GIVEN DATA Block Start

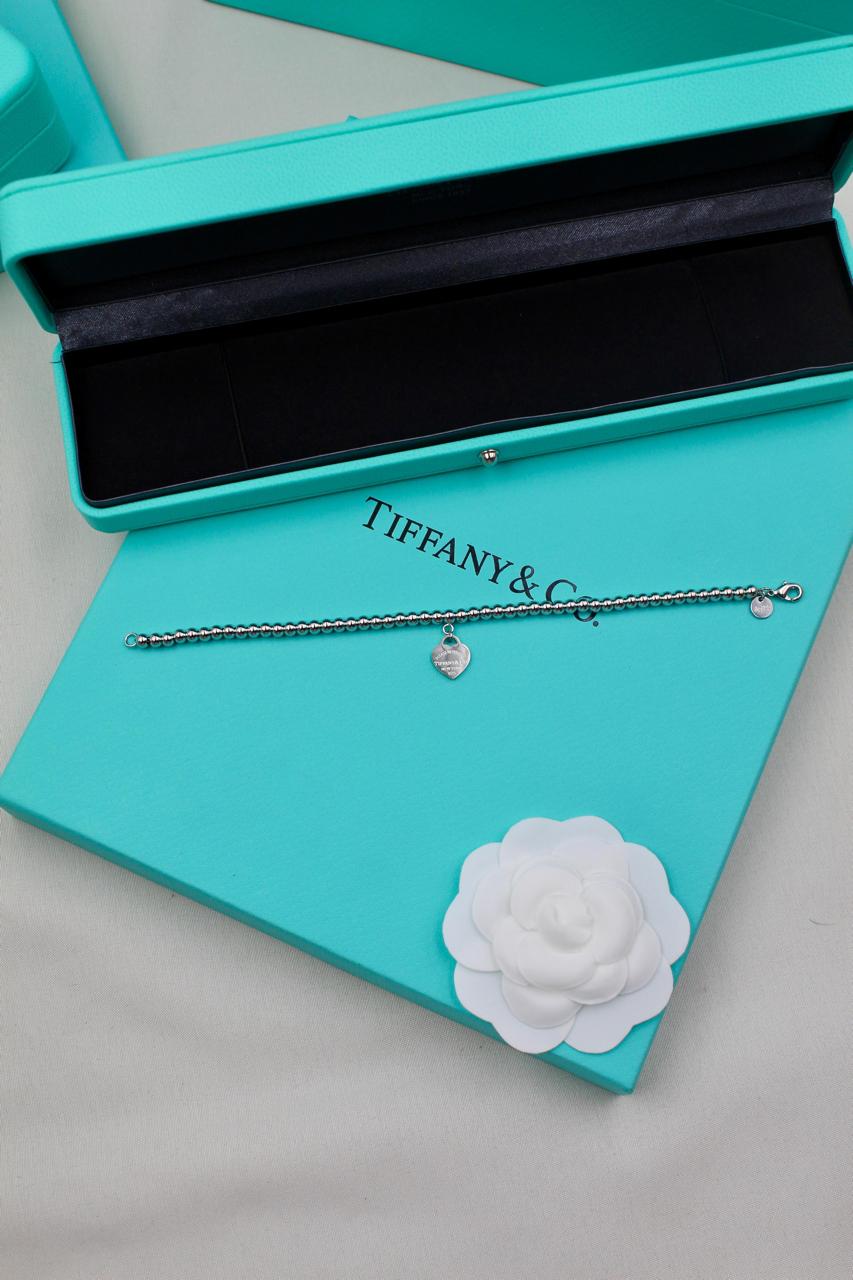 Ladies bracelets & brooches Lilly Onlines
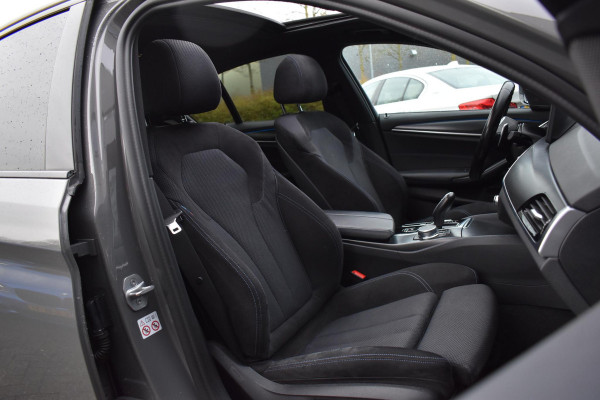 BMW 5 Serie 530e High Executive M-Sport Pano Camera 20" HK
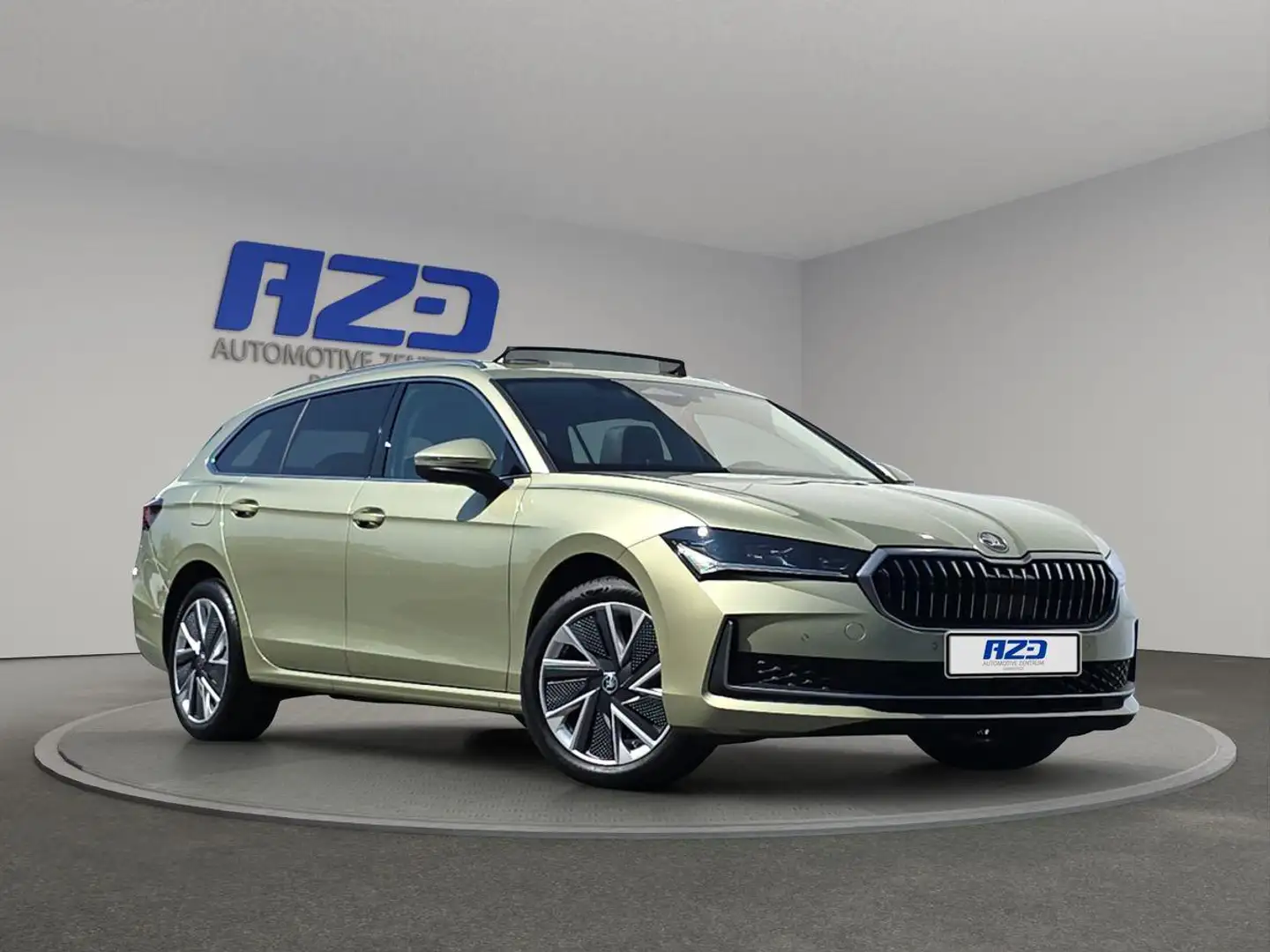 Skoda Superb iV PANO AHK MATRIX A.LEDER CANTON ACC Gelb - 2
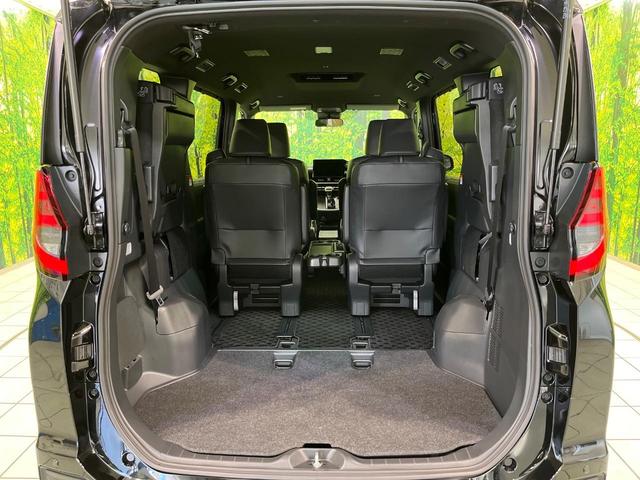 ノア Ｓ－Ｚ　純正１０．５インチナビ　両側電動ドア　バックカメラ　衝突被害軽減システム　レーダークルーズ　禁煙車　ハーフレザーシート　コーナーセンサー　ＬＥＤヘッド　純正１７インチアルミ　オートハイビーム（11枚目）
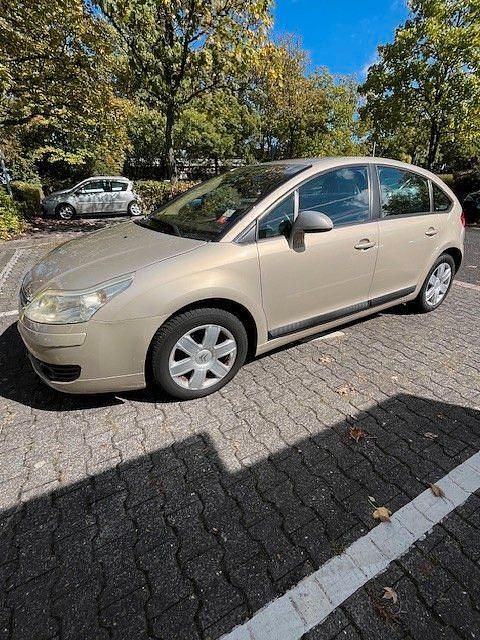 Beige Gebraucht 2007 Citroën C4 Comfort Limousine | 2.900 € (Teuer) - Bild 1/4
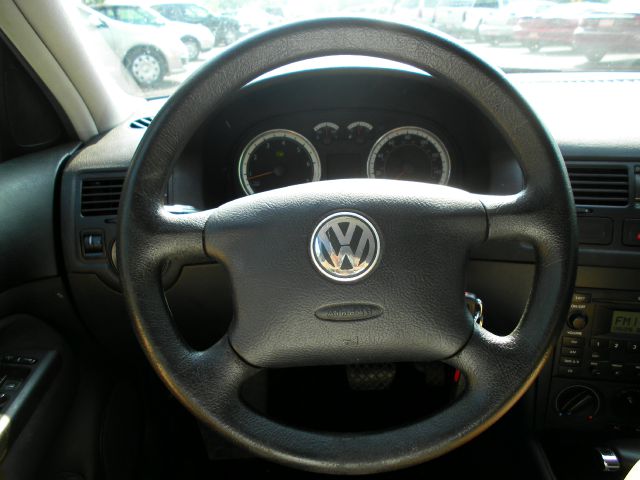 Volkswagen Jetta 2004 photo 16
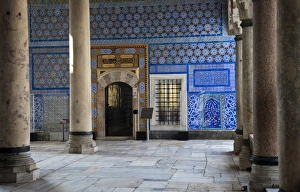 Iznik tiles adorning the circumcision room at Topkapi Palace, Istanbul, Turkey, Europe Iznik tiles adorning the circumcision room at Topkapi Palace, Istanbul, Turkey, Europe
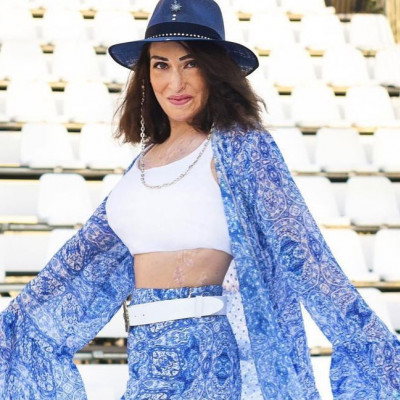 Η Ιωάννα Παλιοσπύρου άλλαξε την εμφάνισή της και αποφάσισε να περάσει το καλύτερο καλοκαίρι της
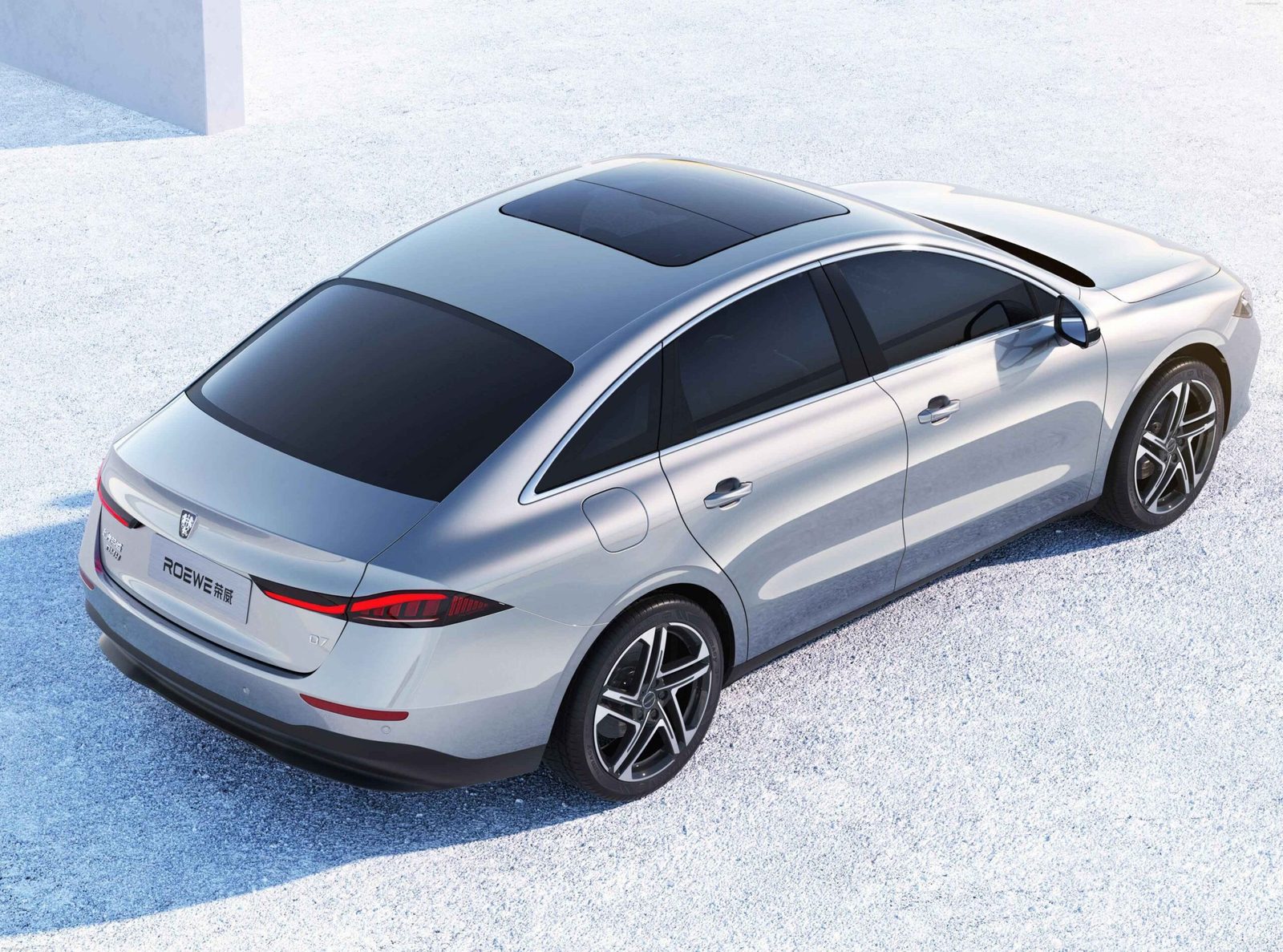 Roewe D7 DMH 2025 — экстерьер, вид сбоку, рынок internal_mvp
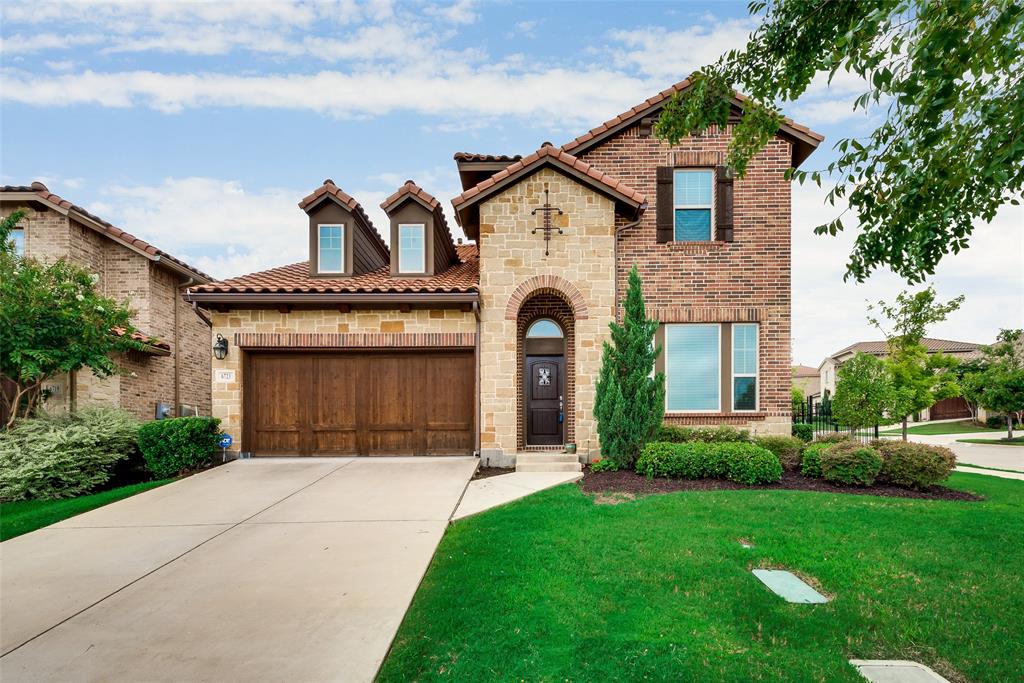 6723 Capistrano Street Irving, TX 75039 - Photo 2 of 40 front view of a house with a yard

GIVEN DATA Block End

## EXERCISE GOAL
Could the lines from the first entry through the line that contains "Η Ιωάννα Παλιοσπύρου" be copied exactly, with all pictures left out?

## RESULT OF THE EXERCISE
 Ladies bracelets & brooches Lilly Onlines
 BMW 5 Serie 530e High Executive M-Sport Pano Camera 20" HK
 Skoda Superb iV PANO AHK MATRIX A.LEDER CANTON ACC Gelb - 2
 ノア Ｓ－Ｚ　純正１０．５インチナビ　両側電動ドア　バックカメラ　衝突被害軽減システム　レーダークルーズ　禁煙車　ハーフレザーシート　コーナーセンサー　ＬＥＤヘッド　純正１７インチアルミ　オートハイビーム（11枚目）
 Beige Gebraucht 2007 Citroën C4 Comfort Limousine | 2.900 € (Teuer) - Bild 1/4
 Volkswagen Jetta 2004 photo 16
 Iznik tiles adorning the circumcision room at Topkapi Palace, Istanbul, Turkey, Europe Iznik tiles adorning the circumcision room at Topkapi Palace, Istanbul, Turkey, Europe
 Η Ιωάννα Παλιοσπύρου άλλαξε την εμφάνισή της και αποφάσισε να περάσει το καλύτερο καλοκαίρι της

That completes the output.